Figure 5. Hypoxia mimetics do not induce constitutive luciferase reporter activation.

Equal numbers of Rcho-1 trophoblasts were seeded and incubated for 24 hours. Rcho-1 trophoblasts were then transfected with 0.2 μg pRL-CMV, pRL-SV40, or pRL-TK constitutive luciferase reporter using the split transfection protocol as described earlier. Cells were treated with 100μM Deferoxamine (DFO) or 100μM Cobalt chloride (CoCl₂) or vehicle for 18 hours. (A) Samples were analyzed for constitutive reporter activation. Results are the average of three independent experiments. Luciferase activity at each concentration was analyzed and is shown relative to activity at 21% oxygen.
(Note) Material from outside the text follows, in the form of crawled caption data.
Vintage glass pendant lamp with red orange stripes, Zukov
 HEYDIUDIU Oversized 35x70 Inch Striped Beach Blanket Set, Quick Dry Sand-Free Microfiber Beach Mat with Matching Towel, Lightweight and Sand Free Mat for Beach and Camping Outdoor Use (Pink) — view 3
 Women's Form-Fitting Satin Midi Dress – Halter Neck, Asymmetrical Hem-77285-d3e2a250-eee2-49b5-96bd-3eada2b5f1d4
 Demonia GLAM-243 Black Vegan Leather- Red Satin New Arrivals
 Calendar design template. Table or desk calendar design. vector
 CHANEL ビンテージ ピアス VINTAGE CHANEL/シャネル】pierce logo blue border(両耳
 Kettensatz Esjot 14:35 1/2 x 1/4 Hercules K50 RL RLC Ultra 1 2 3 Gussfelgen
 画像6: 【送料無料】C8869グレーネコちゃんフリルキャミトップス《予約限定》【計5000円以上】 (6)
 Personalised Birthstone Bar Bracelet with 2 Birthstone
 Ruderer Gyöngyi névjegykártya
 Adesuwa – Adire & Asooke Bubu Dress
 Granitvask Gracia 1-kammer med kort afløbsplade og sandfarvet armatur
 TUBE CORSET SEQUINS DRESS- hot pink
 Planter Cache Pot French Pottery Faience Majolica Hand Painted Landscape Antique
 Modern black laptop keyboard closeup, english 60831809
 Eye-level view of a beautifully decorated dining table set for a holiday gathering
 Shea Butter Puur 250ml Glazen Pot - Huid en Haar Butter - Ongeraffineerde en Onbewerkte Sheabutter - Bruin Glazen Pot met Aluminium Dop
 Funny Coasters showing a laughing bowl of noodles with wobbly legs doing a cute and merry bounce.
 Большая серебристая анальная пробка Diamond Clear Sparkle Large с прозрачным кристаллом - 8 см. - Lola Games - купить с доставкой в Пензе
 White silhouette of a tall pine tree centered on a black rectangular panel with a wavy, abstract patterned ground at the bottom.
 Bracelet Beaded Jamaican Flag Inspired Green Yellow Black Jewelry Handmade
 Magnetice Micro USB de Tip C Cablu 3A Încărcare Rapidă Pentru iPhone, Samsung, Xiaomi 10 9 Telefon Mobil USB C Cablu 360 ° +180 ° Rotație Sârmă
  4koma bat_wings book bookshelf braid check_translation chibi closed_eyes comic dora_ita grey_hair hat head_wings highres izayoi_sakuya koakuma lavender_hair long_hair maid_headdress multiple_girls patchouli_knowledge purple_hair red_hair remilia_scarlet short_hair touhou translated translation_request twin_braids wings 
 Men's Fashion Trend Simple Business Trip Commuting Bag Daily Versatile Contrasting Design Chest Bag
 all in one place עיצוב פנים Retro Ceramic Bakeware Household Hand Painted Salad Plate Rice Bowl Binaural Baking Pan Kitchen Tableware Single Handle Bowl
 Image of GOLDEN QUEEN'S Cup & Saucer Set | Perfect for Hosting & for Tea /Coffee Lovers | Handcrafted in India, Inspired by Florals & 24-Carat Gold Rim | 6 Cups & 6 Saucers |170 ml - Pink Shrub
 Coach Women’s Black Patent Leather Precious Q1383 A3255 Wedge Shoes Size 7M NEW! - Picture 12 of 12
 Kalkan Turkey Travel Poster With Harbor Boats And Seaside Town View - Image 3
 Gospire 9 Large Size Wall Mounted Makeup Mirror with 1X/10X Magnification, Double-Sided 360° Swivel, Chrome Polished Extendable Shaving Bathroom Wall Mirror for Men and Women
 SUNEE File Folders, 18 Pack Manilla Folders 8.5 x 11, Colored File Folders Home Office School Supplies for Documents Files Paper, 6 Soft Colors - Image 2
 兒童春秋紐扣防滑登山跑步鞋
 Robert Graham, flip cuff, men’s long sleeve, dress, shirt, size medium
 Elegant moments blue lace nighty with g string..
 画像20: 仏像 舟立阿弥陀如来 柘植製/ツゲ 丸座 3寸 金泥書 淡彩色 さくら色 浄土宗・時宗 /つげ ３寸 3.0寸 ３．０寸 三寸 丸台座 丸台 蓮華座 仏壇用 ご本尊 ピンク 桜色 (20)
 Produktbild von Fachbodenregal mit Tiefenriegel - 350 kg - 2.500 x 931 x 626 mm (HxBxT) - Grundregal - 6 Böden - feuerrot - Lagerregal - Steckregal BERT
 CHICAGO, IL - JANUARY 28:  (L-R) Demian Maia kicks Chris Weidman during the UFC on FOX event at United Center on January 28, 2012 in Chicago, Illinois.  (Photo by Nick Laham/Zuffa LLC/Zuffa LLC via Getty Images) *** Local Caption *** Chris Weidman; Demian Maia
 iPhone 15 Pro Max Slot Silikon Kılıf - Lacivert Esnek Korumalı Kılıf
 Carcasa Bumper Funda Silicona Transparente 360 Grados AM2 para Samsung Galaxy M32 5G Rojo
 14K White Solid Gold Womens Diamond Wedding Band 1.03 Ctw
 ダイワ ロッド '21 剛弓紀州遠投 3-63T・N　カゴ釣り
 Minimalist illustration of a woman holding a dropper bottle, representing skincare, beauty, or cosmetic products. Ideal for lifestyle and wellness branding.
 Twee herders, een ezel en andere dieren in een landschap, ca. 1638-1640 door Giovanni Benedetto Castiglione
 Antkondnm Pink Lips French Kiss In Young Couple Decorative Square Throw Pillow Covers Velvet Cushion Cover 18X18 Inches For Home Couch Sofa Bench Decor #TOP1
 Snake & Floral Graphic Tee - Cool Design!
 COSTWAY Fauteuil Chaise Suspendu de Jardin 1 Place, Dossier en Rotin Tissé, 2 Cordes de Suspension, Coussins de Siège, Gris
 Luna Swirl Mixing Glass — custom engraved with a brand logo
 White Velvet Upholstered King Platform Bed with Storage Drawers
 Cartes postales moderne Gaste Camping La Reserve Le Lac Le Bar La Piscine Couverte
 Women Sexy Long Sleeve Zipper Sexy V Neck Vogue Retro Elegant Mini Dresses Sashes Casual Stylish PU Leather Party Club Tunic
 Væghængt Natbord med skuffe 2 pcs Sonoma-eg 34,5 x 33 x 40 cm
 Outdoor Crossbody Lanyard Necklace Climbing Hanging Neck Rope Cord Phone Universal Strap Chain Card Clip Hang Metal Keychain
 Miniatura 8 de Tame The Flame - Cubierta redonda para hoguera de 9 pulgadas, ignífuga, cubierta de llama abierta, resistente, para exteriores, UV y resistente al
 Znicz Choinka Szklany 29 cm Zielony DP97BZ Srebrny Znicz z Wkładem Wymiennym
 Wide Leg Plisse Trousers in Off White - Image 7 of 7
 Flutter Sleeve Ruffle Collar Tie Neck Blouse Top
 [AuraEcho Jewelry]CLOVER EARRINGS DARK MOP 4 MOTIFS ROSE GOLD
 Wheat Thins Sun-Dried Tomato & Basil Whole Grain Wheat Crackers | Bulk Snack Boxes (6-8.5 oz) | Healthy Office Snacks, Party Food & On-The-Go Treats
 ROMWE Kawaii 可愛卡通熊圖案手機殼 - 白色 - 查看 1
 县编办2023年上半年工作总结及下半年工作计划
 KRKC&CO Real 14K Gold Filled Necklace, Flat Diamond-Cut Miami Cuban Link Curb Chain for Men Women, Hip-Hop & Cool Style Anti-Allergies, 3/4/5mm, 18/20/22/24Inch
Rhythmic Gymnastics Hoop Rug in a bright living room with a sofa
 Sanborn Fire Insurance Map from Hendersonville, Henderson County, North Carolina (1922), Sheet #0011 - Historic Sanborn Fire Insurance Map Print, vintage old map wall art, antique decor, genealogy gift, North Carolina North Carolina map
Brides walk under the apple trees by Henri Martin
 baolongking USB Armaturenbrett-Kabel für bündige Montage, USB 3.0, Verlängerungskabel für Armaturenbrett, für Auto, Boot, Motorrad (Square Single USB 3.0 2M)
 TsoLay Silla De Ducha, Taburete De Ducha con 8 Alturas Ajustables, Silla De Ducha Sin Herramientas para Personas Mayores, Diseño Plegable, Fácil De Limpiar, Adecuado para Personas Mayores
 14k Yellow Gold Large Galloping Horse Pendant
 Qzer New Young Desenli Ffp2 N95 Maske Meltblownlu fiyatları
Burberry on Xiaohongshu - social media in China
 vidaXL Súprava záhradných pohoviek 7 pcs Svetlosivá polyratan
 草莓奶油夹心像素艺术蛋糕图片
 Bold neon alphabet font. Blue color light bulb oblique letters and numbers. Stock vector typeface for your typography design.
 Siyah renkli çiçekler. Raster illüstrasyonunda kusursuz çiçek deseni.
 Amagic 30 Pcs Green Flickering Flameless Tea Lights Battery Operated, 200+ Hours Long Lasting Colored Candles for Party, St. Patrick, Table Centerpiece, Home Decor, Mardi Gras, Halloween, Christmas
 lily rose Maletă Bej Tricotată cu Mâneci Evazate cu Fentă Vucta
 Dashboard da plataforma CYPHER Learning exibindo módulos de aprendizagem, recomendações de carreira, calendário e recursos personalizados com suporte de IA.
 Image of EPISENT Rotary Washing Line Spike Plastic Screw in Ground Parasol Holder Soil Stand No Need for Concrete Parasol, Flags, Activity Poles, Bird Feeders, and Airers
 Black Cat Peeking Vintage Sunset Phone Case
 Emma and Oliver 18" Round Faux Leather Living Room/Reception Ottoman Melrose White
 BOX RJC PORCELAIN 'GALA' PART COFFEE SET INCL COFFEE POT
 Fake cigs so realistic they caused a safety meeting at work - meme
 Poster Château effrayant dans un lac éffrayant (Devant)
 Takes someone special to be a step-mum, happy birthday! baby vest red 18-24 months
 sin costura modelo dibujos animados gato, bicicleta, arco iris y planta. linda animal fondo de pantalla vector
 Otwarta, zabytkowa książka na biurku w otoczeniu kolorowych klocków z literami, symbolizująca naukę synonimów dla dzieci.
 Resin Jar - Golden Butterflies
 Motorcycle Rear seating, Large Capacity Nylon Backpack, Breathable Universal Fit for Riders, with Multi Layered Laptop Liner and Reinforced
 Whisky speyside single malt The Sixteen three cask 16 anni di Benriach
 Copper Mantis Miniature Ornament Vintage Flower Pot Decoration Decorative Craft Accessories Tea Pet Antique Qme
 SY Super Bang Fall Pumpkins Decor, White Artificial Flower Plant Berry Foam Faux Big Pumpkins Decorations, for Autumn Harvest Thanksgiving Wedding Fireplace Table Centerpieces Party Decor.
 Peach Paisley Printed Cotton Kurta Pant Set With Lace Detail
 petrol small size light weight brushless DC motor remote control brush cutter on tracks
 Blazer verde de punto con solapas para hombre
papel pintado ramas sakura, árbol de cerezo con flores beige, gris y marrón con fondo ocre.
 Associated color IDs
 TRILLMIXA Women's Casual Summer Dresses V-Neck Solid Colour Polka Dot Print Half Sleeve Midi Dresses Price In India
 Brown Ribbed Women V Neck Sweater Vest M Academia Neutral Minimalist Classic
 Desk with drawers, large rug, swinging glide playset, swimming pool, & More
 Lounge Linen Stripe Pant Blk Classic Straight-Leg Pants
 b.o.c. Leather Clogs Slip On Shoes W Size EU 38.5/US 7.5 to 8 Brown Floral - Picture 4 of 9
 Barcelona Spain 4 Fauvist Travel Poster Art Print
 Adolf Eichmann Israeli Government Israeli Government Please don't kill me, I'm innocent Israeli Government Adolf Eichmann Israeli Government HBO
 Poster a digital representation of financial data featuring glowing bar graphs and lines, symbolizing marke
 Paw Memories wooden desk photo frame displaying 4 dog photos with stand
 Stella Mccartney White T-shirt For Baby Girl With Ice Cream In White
Error bars represent standard deviation. Significance was determined using a one way Anova with Tukeys post hoc test. (B) Nuclear extracts were collected, separated by SDS-PAGE, and Western blotting was performed using a polyclonal HIF-1α antibody and the appropriate secondary antibody as indicated in the Materials and Methods. The same blot was reprobed with actin monoclonal antibody for equal protein loading. Arrows identify HIF-1α actin (45kDa). The figure is a representative of three independent experiments. (C) Densitometric analysis of HIF-1α protein Rcho-1 cells treated with vehicle, CoCl₂ or DFO. Protein levels were normalized to levels of actin.